18 Jan 20233 min read

Cash-on-Cash Return in 2025: The Investor’s Guide to Smarter Property Decisions

Ready to put your cash to work? Use the cash on cash return formula to compare your next property investment—and unlock smarter, more confident decisions in 2025.

By Cockatoo Editorial Team

When it comes to property investing, Australians are spoilt for choice—but also bombarded with metrics and market noise. In 2025, with mortgage rates stabilising and property values showing cautious growth, investors are seeking reliable, actionable ways to measure returns. Enter cash-on-cash return: a straightforward metric that’s gaining traction as a decision-making powerhouse for both new and seasoned investors.

What Is Cash-on-Cash Return?

Cash-on-cash return (CoC) measures the annual pre-tax cash income earned on the cash invested in a property. Unlike yield calculations that look at total property value, CoC focuses on actual out-of-pocket investment—making it a clear, apples-to-apples way to compare deals.

  • Formula: (Annual pre-tax cash flow ÷ Total cash invested) × 100

  • Example: If you invest $100,000 of your own money and receive $7,000 in annual cash flow, your CoC return is 7%.

This metric strips away the confusion of leverage, depreciation, and paper profits, putting the spotlight on real, spendable cash. In 2025, as lenders continue to scrutinise borrowing capacity and investors look to preserve liquidity, this clarity is more valuable than ever.

Why Cash-on-Cash Return Matters in 2025

The property market landscape in 2025 is markedly different from the boom-and-bust cycles of the last decade. Recent APRA lending updates and the ongoing review of negative gearing are nudging investors to scrutinise cash flow and borrowing strategies more closely. Here’s why CoC return is rising in importance:

  • Mortgage rates stabilised: With the RBA keeping rates steady in the low 4% range, many investors are moving from interest-only to principal-and-interest loans. CoC return helps compare properties on the basis of their real cash performance.

  • Rental yields are in flux: Regional rental markets remain strong, while some inner-city areas are experiencing softening demand. CoC return allows for direct comparison across regions, factoring in all out-of-pocket costs.

  • Deposit requirements are higher: Banks have tightened serviceability buffers, so the amount of cash investors need upfront has increased. This makes the cash-on-cash metric even more relevant for assessing opportunity cost and liquidity.

For example, a Sydney apartment might deliver a 4% gross rental yield but require a $200,000 deposit, while a regional townhouse in Ballarat could offer a 7% yield on a $60,000 cash investment. CoC return cuts through headline rates, showing which deal stretches your cash further.
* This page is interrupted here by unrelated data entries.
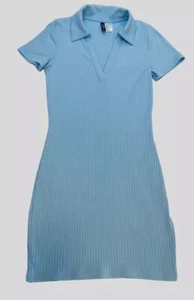 H&M DIVIDED Women’s Blue Ribbed Mini Dress – Size Small - Picture 1 of 6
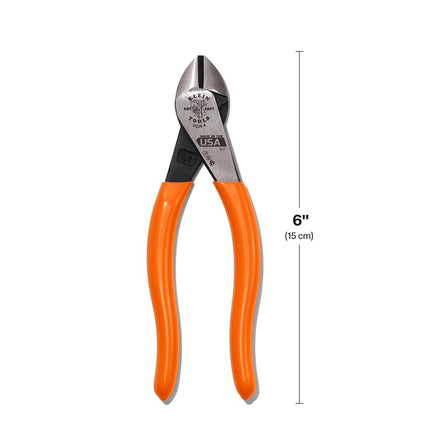 Klein Tools D2286 Diagonal Cutting Pliers, 6-Inch, Made in USA, Heavy-Duty Wire Cutters with High Leverage Design, Side Cutters with Laser Hardened Blades and Hot Riveted Joint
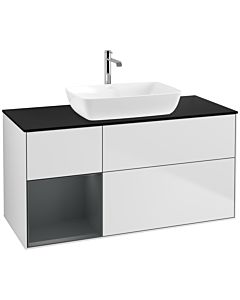 Villeroy und Boch Finion Waschtischunterschrank F822HGMT 120cm, Abdeckplatte black matt, Regale Midnight matt lacquer, White matt lacquer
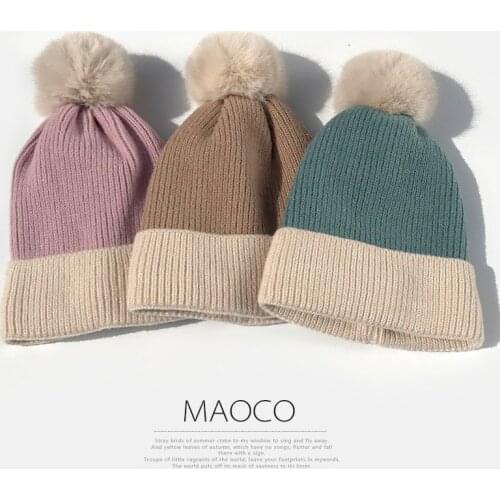 K217 Winter Hat Womens Hat Thick Woolen Hat Warm Knitted Hat And Comfortable Ear Protection Japanese Cold Hat Bubble Hat Warm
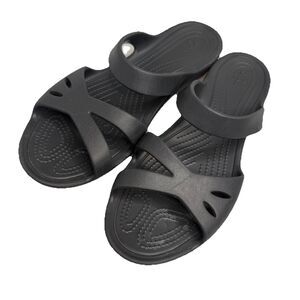 Crocs Women's Black Sandals - Size 10 Lightweight Open Toe Strappy EUC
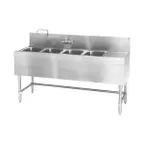 image of Eagle Group B5.5R-4-24 66" Underbar Sink Units, 4 Compartment with Right Drainboard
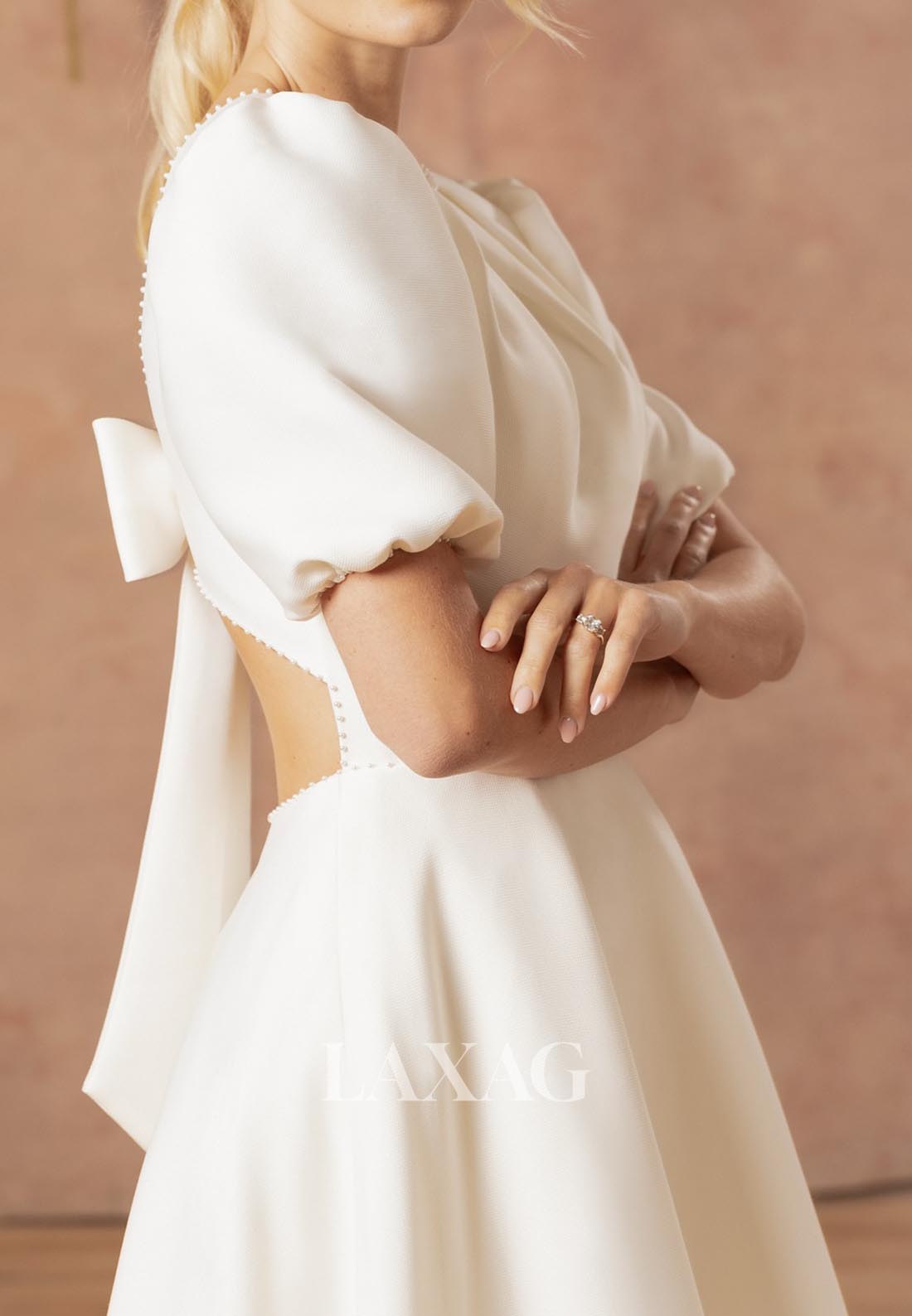 Scoop-Neck Short-Sleeves Beaded Pleated Chiffon Tea-Length A-Line Wedding Dress with Bow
How to Calculate—and Use—Cash-on-Cash Return

Ready to put this metric to work? Here’s a step-by-step guide tailored for 2025’s property market:

Calculate your total cash investment:

- Deposit

- Stamp duty (check 2025 state rates; e.g., NSW’s First Home Buyer Choice now allows for annual property tax as an alternative)

- Loan establishment fees

- Legal and inspection costs

- Any upfront renovations or repairs

Estimate annual pre-tax cash flow:

- Gross rental income

- Minus mortgage payments (principal & interest)

- Minus council rates, [insurance](/insurance/personal/home-insurance), strata, and maintenance

- Minus [property management fees](/insurance/personal/home-insurance)
  • Apply the formula: Divide annual cash flow by total cash investment, then multiply by 100.

Real-world example (2025): You buy a townhouse in Geelong for $550,000. With a 20% deposit, stamp duty, and other costs, your cash outlay is $130,000. After all expenses and mortgage payments, your annual cash flow is $8,500. Your CoC return: (8,500 ÷ 130,000) × 100 = 6.54%.

Limitations and Smart Use Cases

Like any metric, cash-on-cash return isn’t perfect. It doesn’t factor in tax deductions, future capital growth, or renovation-driven value increases. But in 2025, with a renewed focus on cash flow and liquidity, it offers a powerful lens for comparing deals, especially if you:

  • Are prioritising positive cash flow to offset rising living costs

  • Want to compare properties with different deposit requirements

  • Are considering joint ventures or syndicate investments

For multi-property investors, CoC return helps allocate limited capital to the highest-yielding opportunities. And for first-timers, it demystifies the numbers—making it easier to spot deals that truly add value from day one.